The following discussion and analysis of our financial condition and results of operations should be read in conjunction with the financial statements and the notes thereto contained elsewhere in this report. Certain information contained in the discussion and analysis set forth below includes forward-looking statements that involve risks and uncertainties.
Overview
We are a blank check company incorporated in Delaware on February 22, 2021. We were formed for the purpose of effecting a merger, capital stock exchange, asset acquisition, stock purchase, reorganization or similar business combination with one or more businesses. We are an emerging growth company and, as such, we are subject to all of the risks associated with emerging growth companies.

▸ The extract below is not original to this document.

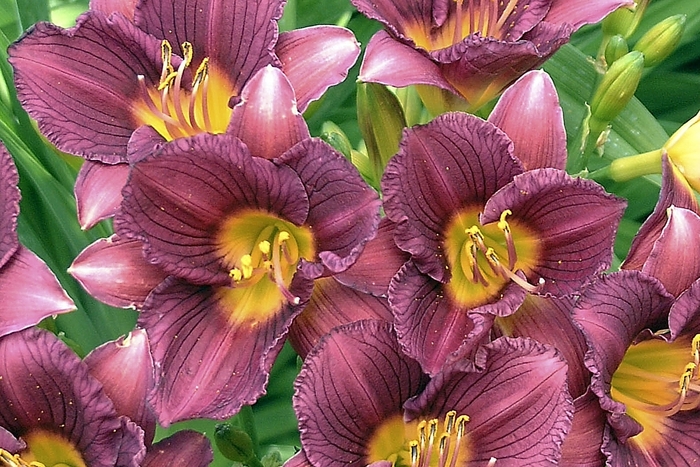 'Purple de Oro' Daylily - Hemerocallis from Sunshine Grower Nursery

As of December 31, 2022, we have not commenced any operations. All activity for the period from February 22, 2021 (inception) through December 31, 2022 relates to our formation and the IPO, described below, and, since the offering, the search for a prospective initial business combination. We will not generate any operating revenues until after the completion of its initial business combination, at the earliest. We will generate non-operating income in the form of interest income on cash and cash equivalents from the proceeds derived from the Initial Public Offering, and non-operating income or expense due to changes in the fair value of derivative warrant liabilities. We have selected December 31 as its fiscal year end.

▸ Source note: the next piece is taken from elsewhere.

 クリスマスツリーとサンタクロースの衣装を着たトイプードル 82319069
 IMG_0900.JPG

Our sponsor is Mercato Partners Acquisition Group, LLC, a Delaware limited liability company. The registration statement filed in connection with our Initial Public Offering was declared effective on November 3, 2021. On November 8, 2021, we consummated our Initial Public Offering of 20,000,000 units (the “Units” and, with respect to the Class A common stock included in the Units being offered, the “public shares”), at $10.00 per Unit, generating gross proceeds of $200.0 million, and incurring offering costs of approximately $12.1 million, of which $4.0 million was for underwriting commissions, $7.0 million was for deferred underwriting commissions and approximately $1.1 million was for offering costs, of which approximately $0.3 million was allocated to derivative warrant liabilities.
Simultaneously with the closing of the Initial Public Offering, we consummated the private placement (“Private Placement”) of 9,000,000 warrants, at a price of $1.00 per private placement warrant to the sponsor, generating proceeds of $9.0 million.

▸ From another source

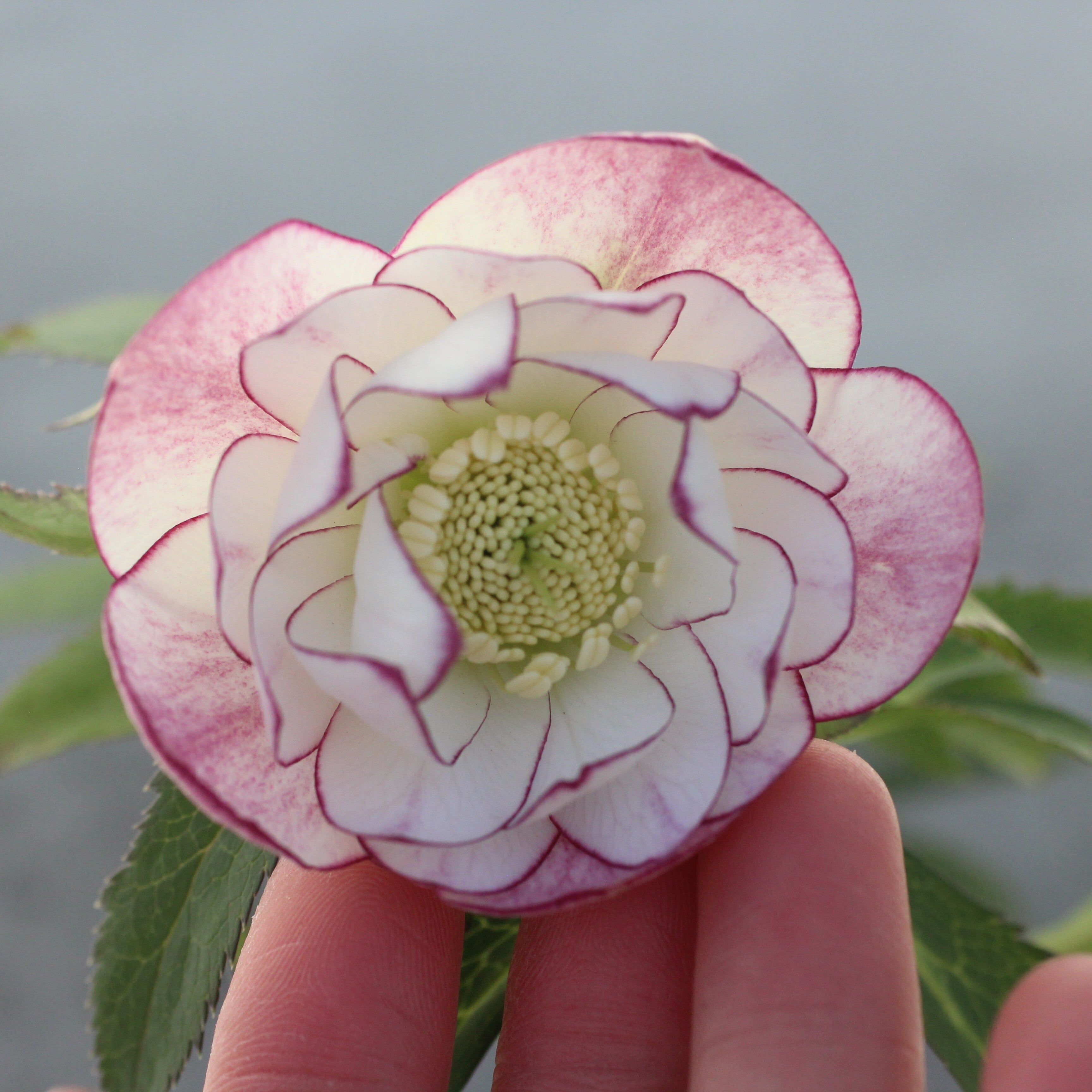 WS26-087 クリスマスローズ ウィンターシンフォニー クレオンピコティ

In connection with the Initial Public Offering, the underwriter was granted an option (the “Over-allotment Option”) to purchase up to an additional 3,000,000 Units (“Over-allotment Units”) solely to cover over-allotments, if any, at an offering price of $10.00 per Over-allotment Unit. On November 19, 2021, the underwriter exercised the Over-allotment Option in full and, on November 23, 2021, purchased 3,000,000 Over-allotment Units, generating gross proceeds of $30,000,000, and incurring additional offering costs of approximately $1.7 million, of which $600,000 was paid for underwriting commissions, and approximately $1.1 million is payable to the underwriter for deferred underwriting commissions.
On August 1, 2022 the underwriter irrevocably waived its rights to the deferred underwriting commissions due under the underwriting agreement consummated in connection with the Initial Public Offering.
Simultaneously with the sale of the Over-allotment Units, on November 23, 2021, the Company consummated a second closing of the Private Placement of an aggregate of 1,050,000 private placement warrants, at a price of $1.00 per private placement warrant, with the sponsor. The second closing of the Private Placement generated additional aggregate gross proceeds of $1,050,000. The private placement warrants are identical to the warrants sold as part of the Units in the Initial Public Offering except that, if held by the sponsor or its permitted transferees, they (i) may be exercised for cash or on a cashless basis, (ii) are not subject to being called for redemption under certain redemption scenarios and (iii) subject to certain limited exceptions, will be subject to transfer restrictions until 30 days following the consummation of the Company’s initial business combination.